Nor are English leaders strangers to the metronomic beat of the libido; they are just more discreet and proper about it than the French libertines that populate the elites — or so we are told. When King Edward VII was dying, his wife, Queen Alexandra, sent a car to fetch his last mistress, society beauty Alice Keppel, to the king’s deathbed to bid the British monarch farewell. Very considerate — and no doubt a most touching scene. If you had bothered to ask the queen about it, I’m sure she would have said it was the civilized thing to do. Bluebloods back then and perhaps even today revolved around an unquestioned acceptance that power has privileges and those who were married to the throne or its heirs dutifully and reticently bowed to the royal prerogative.

This is no doubt also true for the political elite. After becoming the most unlikely of sex symbols, Secretary of State Henry Kissinger observed that power is the ultimate aphrodisiac. Indeed, one high-placed dignitary blamed his infidelities on all the temptations he had to face from adoring women. Ignoring the self-serving narcissism, there might be something to this as opportunity is often more important than inclination when one is unfaithful. There are enough men out there who see no difference between monogamy and monotony but do not have the occasion or the means to sample the forbidden fruits of variety. Nevertheless, adultery, no matter how you slice it, is a crime against marriage for both the ordinary and the powerful.
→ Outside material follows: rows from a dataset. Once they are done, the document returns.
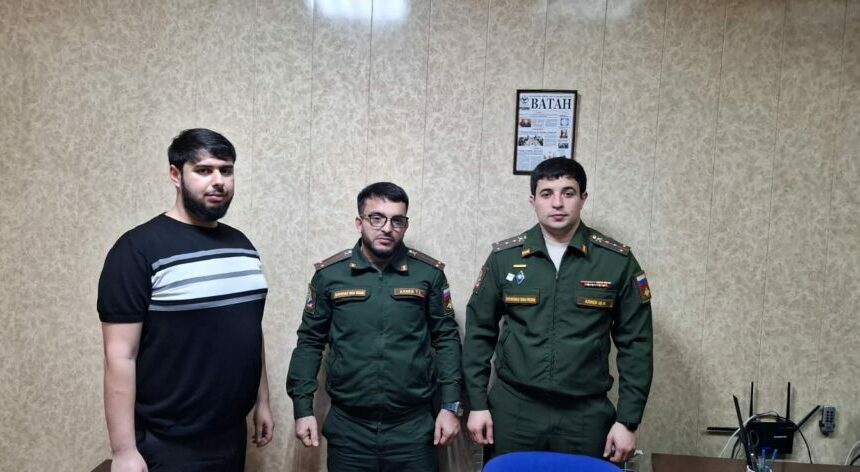 Ветераны СВО из Дагестана готовят новобранцев в военкомате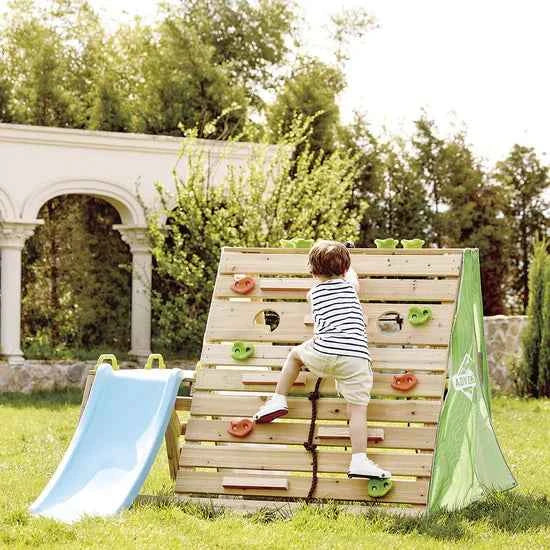 Mi Primera Cabaña Infantil con Tobogán y Red de Trepa – Toynamics
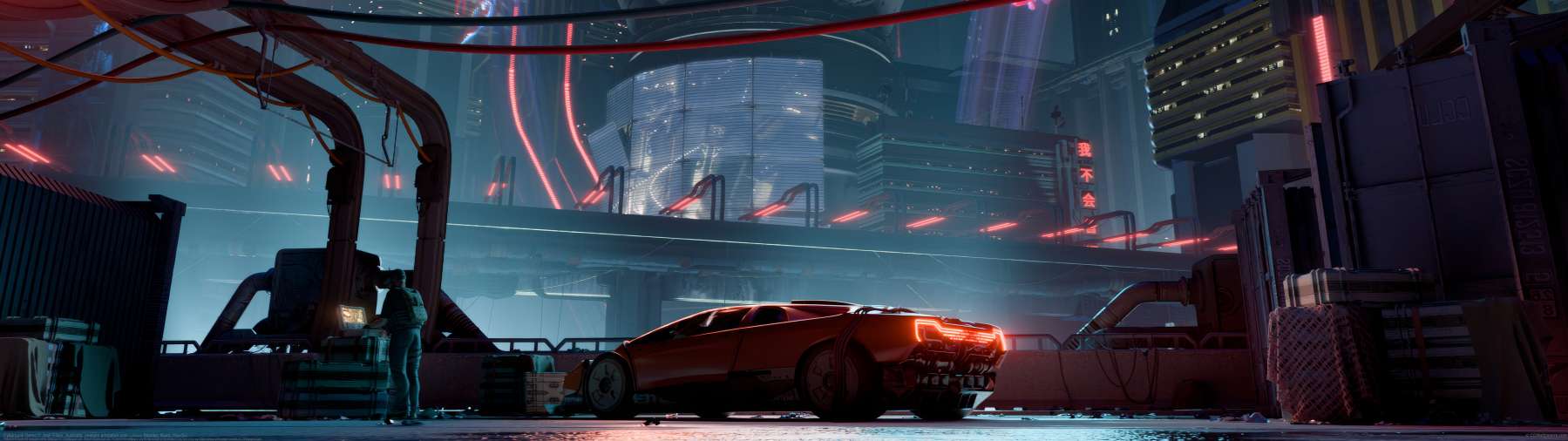 Cyberpunk Demo ultra ancha fondo de escritorio
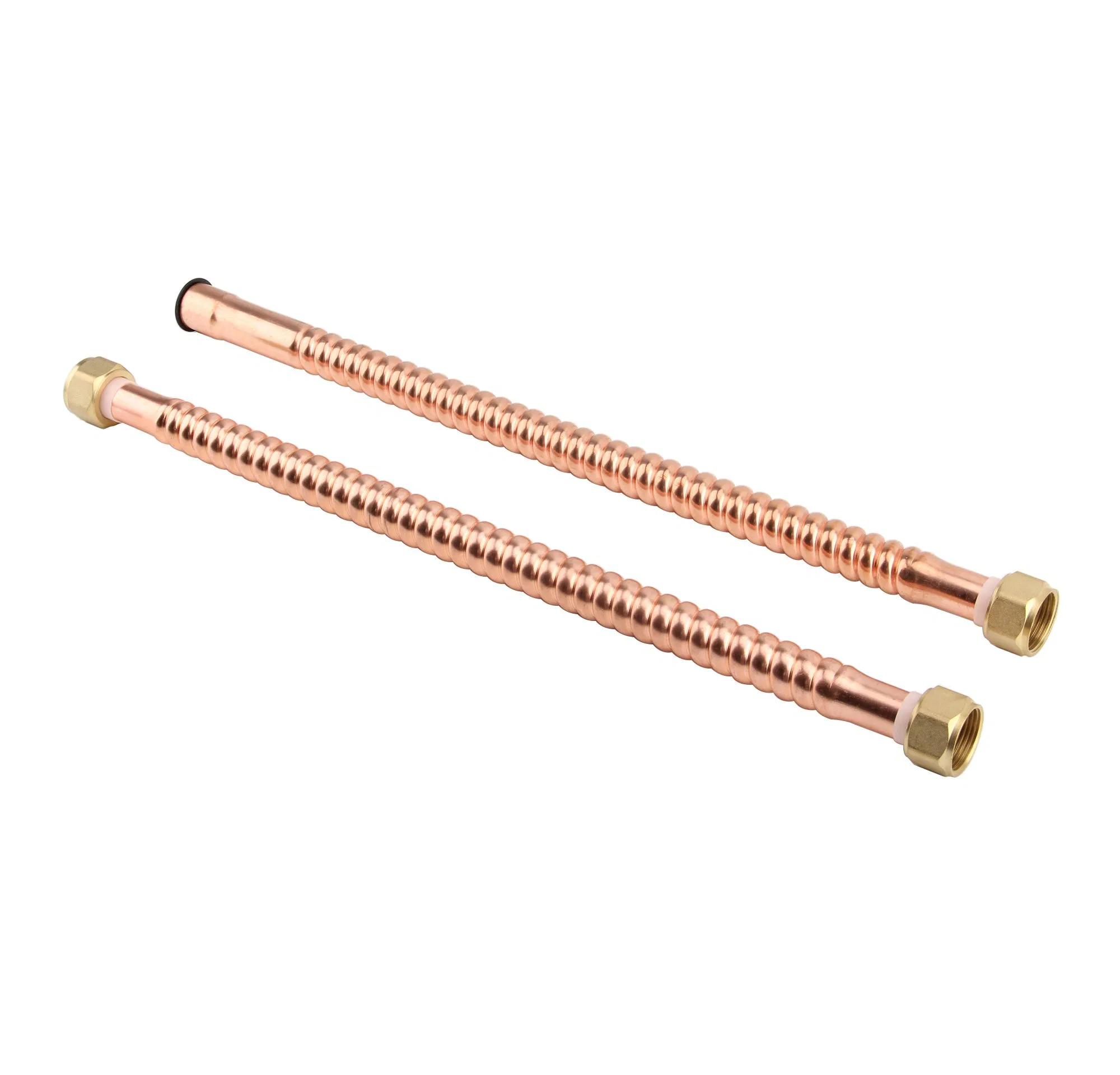 Premium Copper Corrugated Connector for Efficient Water Heating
But we shouldn’t particularize libidinous behavior as being French or European. We don’t need a genealogy search to know that there isn’t a drop of French blood coursing through Arnold Schwarzenegger’s veins or for that matter Newt Gingrich or John Edwards.

So while sanctity is most heroically demonstrated in direct proportion to the level of temptation it confronts, we must remember that even the saintly avoided the occasion of sin (which is why they were saints), and everything I have seen and know tells me that most men are not angels. Religious scruples, having children and the civilized influence of women may rein in the polygamous instinct, but I’ll end with this advice one elderly woman got from her grandmother: “Never trust a horse, a gun or a man.” If she was alive today to read the headlines she might hastily add, “and not necessarily in that order.”